Na oczepinach przyjaciółki przydarzyła mi się taka oto przygoda: Miałam jej buta. Wodzirej kazał mi śpiewać, ale ja powiedziałam, że nie chcę, że wolę zatańczyć. On się zgodził, ale powiedział, że sam wybierze mi partnera. Po czym mówi do mnie, że mam zatańczyć z Feliksem, czy jakoś tak. W każdym razie na sali nie było faceta o takim imieniu i wtedy zaskoczyłam, że to będzie to o czym słyszałam od przyjaciółki, że ten wodzirej czasem organizuje na oczepiny taką zabawę - TANIEC NA RURZE :o . Ale nie facet jako rura - prawdziwa, metalowa, lśniąca rura. Zrobiłam się purpurowa, ale cóż, muzyka zagrała - Je taime :roll: Więc tańczyłam, podobno świetnie. Gościom bardzo się podobało, ale na kasecie widać konsternację moich rodziców na widok takiego tańca, a mój K. to chyba w ogóle wyszedł. Przyjaciółka mi później mówiła, że jak pokazywała płytę w rodzinie, to ją czasem ktoś pytał, czy ja w jakimś klubie aby nie pracowałam, bo tak świetnie tańczyłam :razz:
Byłam pierwsza do oddania buta, więc po mnie już reszta bała się zadań i tylko śpiewać chcieli, bleee.

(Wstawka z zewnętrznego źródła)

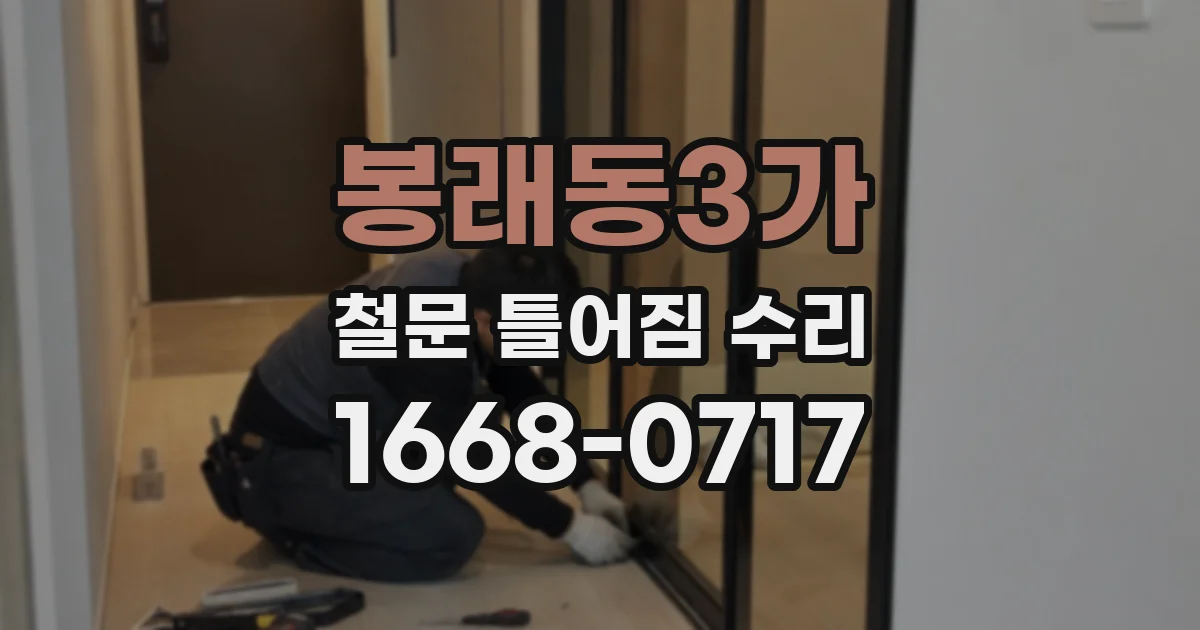 봉래동3가 철문 틀어짐 수리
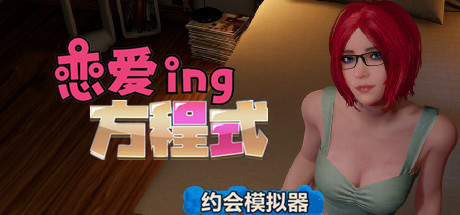 恋爱方程式 V2.00 全DLC+VR模式-约会模拟器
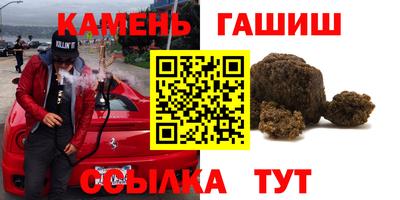 PSILOCYBIN Будённовск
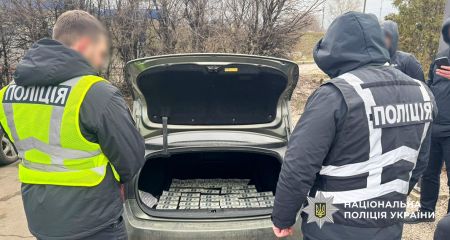 "Белый билет" за $16...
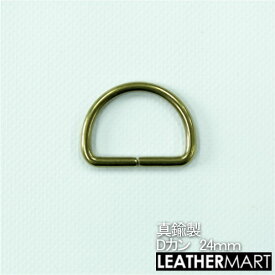 真鍮製 Dカン24mm【ネコポス対応】｜ 真鍮 金具 ブラス レザークラフト レザー 丸カン Dカン 角カン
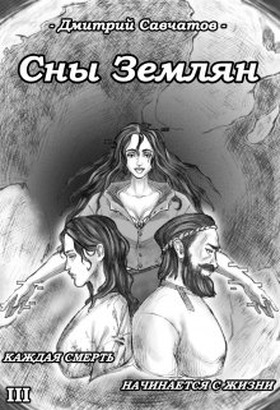 Сны Землян - Дмитрий Савчатов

To były super oczepiny i żałuję, że u mnie na sali nie ma rury :mrgreen:
_________________
 
 
 
Aga23021983 

Wiek: 41
Dołączyła: 30 Lis 2007
Posty: 231
Skąd: Łódź
Wysłany: Pon Sty 07, 2008 10:39 pm   

Powiem Wam szczerze ze to co my sobie zaplanujemy na oczepiny to jest jedno a to co zaplanują sobie goście to zupełnie co innego!!
Ja byłam na takim weselu gdzie Państwo Młodzi dokładnie mieli obmyślane jak oczepiny będą wyglądały a tu nagle wyskakuje podpity stryjek i coś orkiestrze mówi na ucho ;) Orkiestra zaczęła grać i śpiewać jakąś rymowaną pioseneczke a stryjek wsadził sobie kawałek kiełbasy w rozporek i podchodził w takt pioseneczki do kobiet i prosił o ugryzienie.
Wyglądało to koszmarnie, Panna młoda była purpurowa ze złości ale starszym ciotkom się podobało, starsi wójkowie klaskali bo to nie oni musieli gryźć kiełbase!! to orkiestra nie przestała... życie niesie wiele niespodzianek ;D
_________________

 
 
 
cosola 
full-time mum


Wiek: 40
Dołączyła: 04 Sty 2007
Posty: 730
Skąd: Łódź/Leicester, UK
Wysłany: Pon Sty 07, 2008 11:27 pm   

Ale masakra... chyba bym udusiła takiego wujka :evil: a orkiestra raczej nie profesjonalna skoro umawia się z młodymi a potem robi co innego :evil:
_________________
 
 
kryszka 
z doskoku ;)


Dołączyła: 09 Paź 2003
Posty: 4836
Skąd: Łódź
Wysłany: Wto Sty 08, 2008 9:19 am   

I tu nauczka dla przyszłych Młodych - koniecznie ustalić z orkiestrą czy goście mają coś do gadania czy nie. ;) Jak orkiestra zrobi po swojemu to uciąć wynagrodzenie i już.
_________________

"Gdyby nie internet nie wiedziałbym, że na świecie jest tylu idiotów." Stanisław Lem
 
 
SYLWECZKA 


Wiek: 39
Dołączyła: 01 Paź 2007
Posty: 680
Skąd: Łódź
Wysłany: Wto Sty 08, 2008 9:46 am   

wielkie dzięki za radę :) nie cierpię takich zabaw, tej z kiełbasą bym nie przeżyła :) orkiestra musi dostać od nas sztywne wytyczne!!!
_________________
 
 
mietka 
double trouble


Wiek: 46
Dołączyła: 28 Cze 2007
Posty: 1749
Skąd: Łódź/Żabiczki
Wysłany: Wto Sty 08, 2008 12:09 pm   

u nas tez jedna daleka krewna probowala cos od siebie dodac, ale nasz dj ja przegonil i powiedzial, ze panstwo mlodzi inaczej to zaplanowali. i bylo super. wystarczy wszystko zaplanowac z orkiestra lub dj - obedzie sie bez przykrych niespodzianek i bedzie mozna spacyfikowac podpitych gosci. dostalabym szalu zarowno na widok rury jak i wujka z kielbasa.
_________________
 
 
polczan 

Dołączył: 07 Sty 2008
Posty: 14
Skąd: Gościmowice
Wysłany: Czw Sty 10, 2008 10:37 pm   Zabawy na weselu powinny być!!!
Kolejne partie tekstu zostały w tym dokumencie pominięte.